King noted during the 2008 presidential campaign that then-Sen. Barack Obama's middle name is Hussein, and he said people in the Middle East would dance in the streets if he were elected president.
He was criticized for his 2008 assertion that living in Iraq during the U.S. war there was safer than living in Washington, D.C.
He apologized in 2006 to former White House reporter Helen Thomas after telling Republican activists in Iowa about the death of terrorist leader Abu Musab al-Zarqawi: "There probably are not 72 virgins in the hell he's at. And if there are, they probably all look like Helen Thomas."
King in 2009 reintroduced a bill that would make English the country's official language. He criticized President Obama in March of that year for Obama's executive order allowing federal funding for stem cell research on human embryos.
He caused controversy in 2010 with his comments suggesting Obama favored people of color over Caucasians. He refused to retreat from the statement, resulting in criticism from some fellow Republicans.
In 2012, King said he would file suit challenging Obama's authority to bypass Congress and refuse to deport illegal immigrants who came to the United States as children and have met certain conditions.

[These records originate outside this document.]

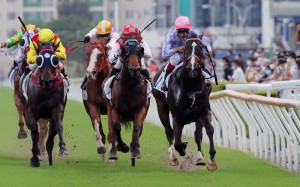 Horses thunder down the straight at Sha Tin on Sunday. Photos: Kenneth Chan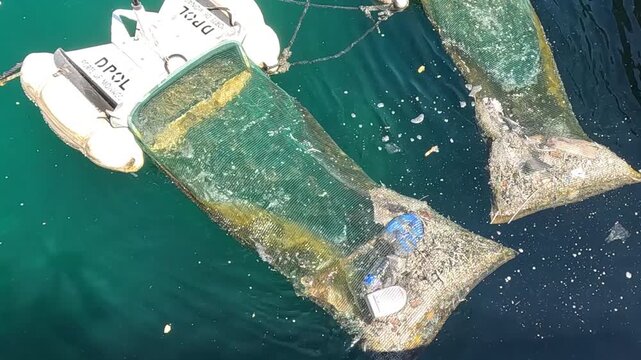 Top Down View of Floating Waste Collectors Trapping Debris in Water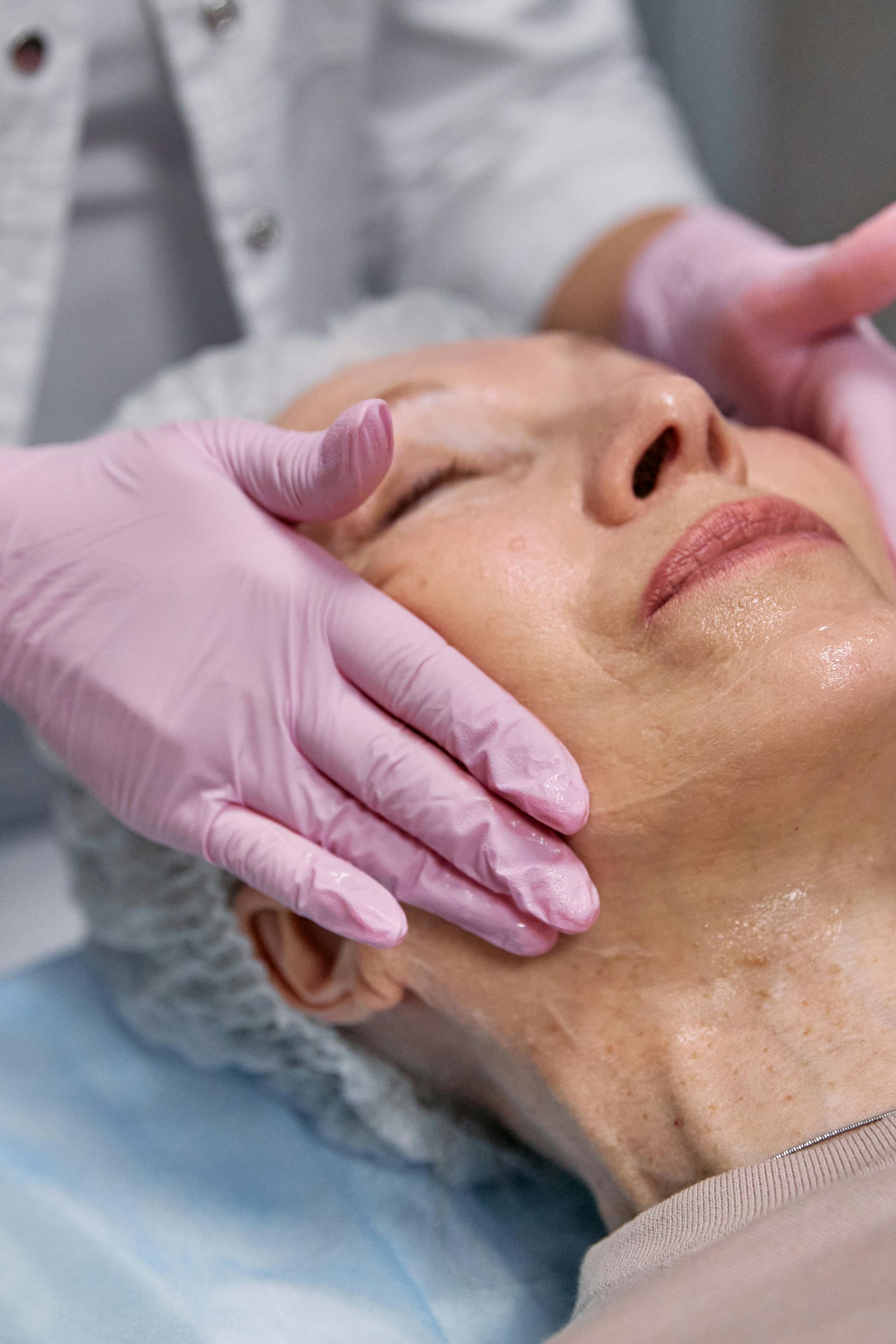 Gloved hands massage a woman's face during a spa facial treatment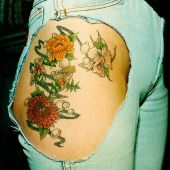 flowers thigh tattoo for girl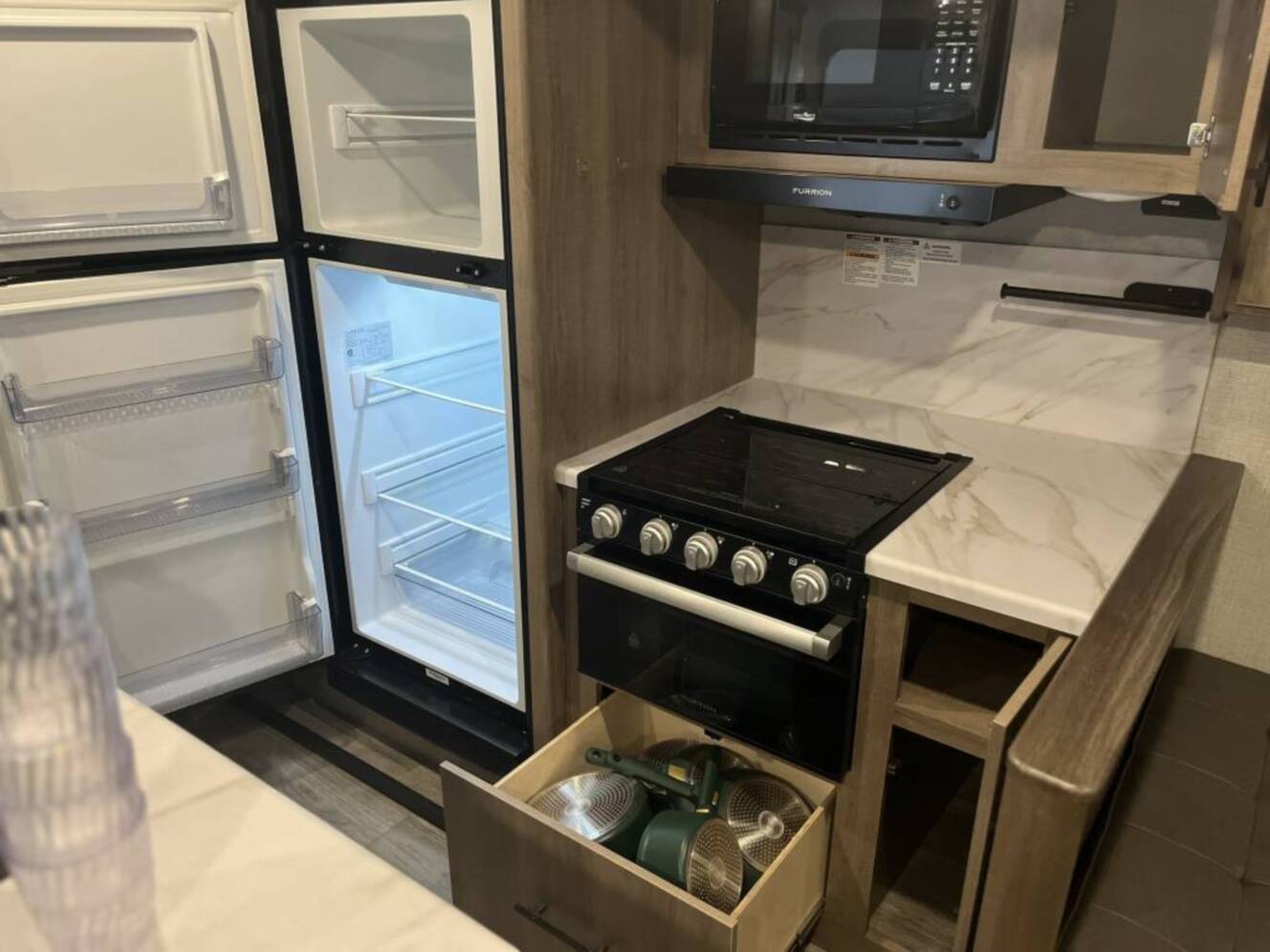 A photo of this 2023 Grand Design IMAGINE 3210BH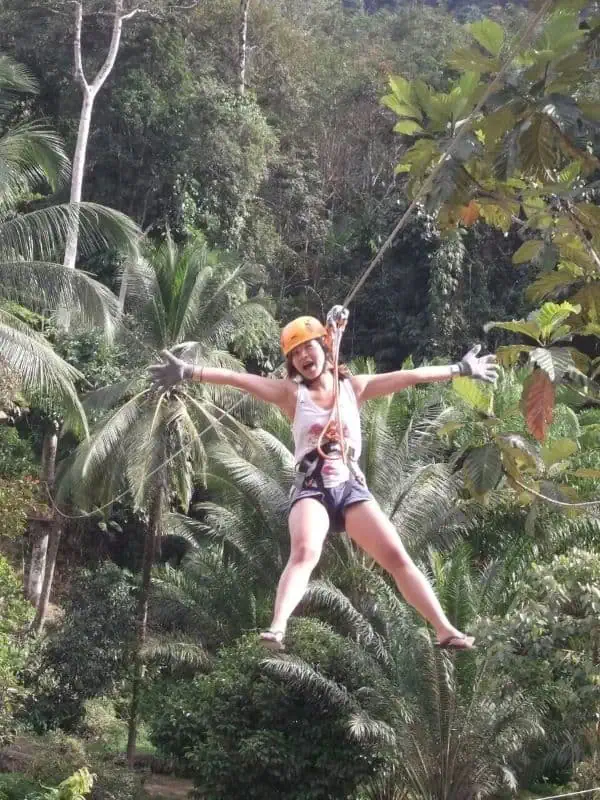 A woman ziplining gracefully through a lush green jungle, surrounded by vibrant foliage and sunlight filtering through the trees.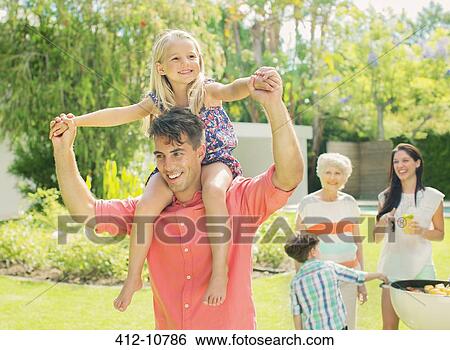 Stock Photograph - Father carrying daughter on shoulders. Fotosearch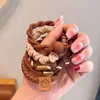 Cuerda para el pelo de nuevo estilo 2024 para niñas, Cuerda de goma para el pelo elegante, Goma para el pelo elegante y con clase, Accesorio para el pelo con funda de cuero simple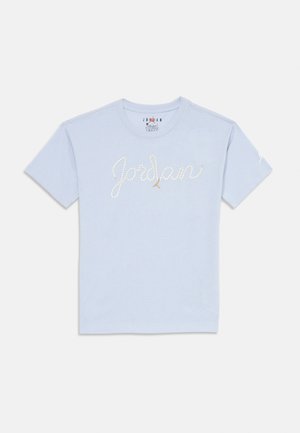 T-shirt in cotone azzurro chiaro con la scritta in corsivo "Jordan" in strass bianchi e un piccolo logo dorato Jumpman sul petto. Maniche corte.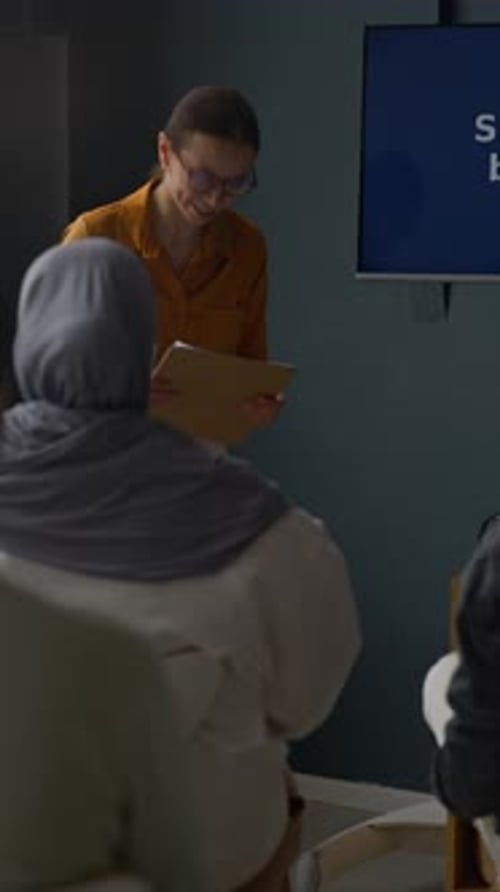 Woman Giving Presentation to Small Group in Office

King said he believes the government regulates businesses too heavily and imposes too many taxes. He has proposed eliminating the federal income tax and replacing it with a national sales tax.
King opposes abortion rights and affirmative action, and he has supported right-to-work legislation that would limit union activity. King also opposes same-sex marriage rights and supports a state constitutional amendment that bans gay marriage in Iowa, which legalized gay marriage in 2009.
He opposed a proposal to repeal the Defense of Marriage Act, which defines marriage as the union between a man and a woman. He said at a congressional hearing in 2011 that those who claim they cannot chose who they fall in love with could make the same argument to justify polygamy.
Since being elected to Congress, King hasn't faced a serious challenge, reflecting the 5th District's overwhelming Republican voter registration advantage. However, redistricting following the 2010 census resulted in the loss of one of Iowa's five congressional seats and has dramatically reshaped the district. The new 4th District includes less conservative areas, including parts of north-central Iowa and the college town of Ames.
In the November 2012 general election, he faces a better funded opponent, Democrat Christie Vilsack, the wife of former Iowa governor and current agriculture secretary Tom Vilsack.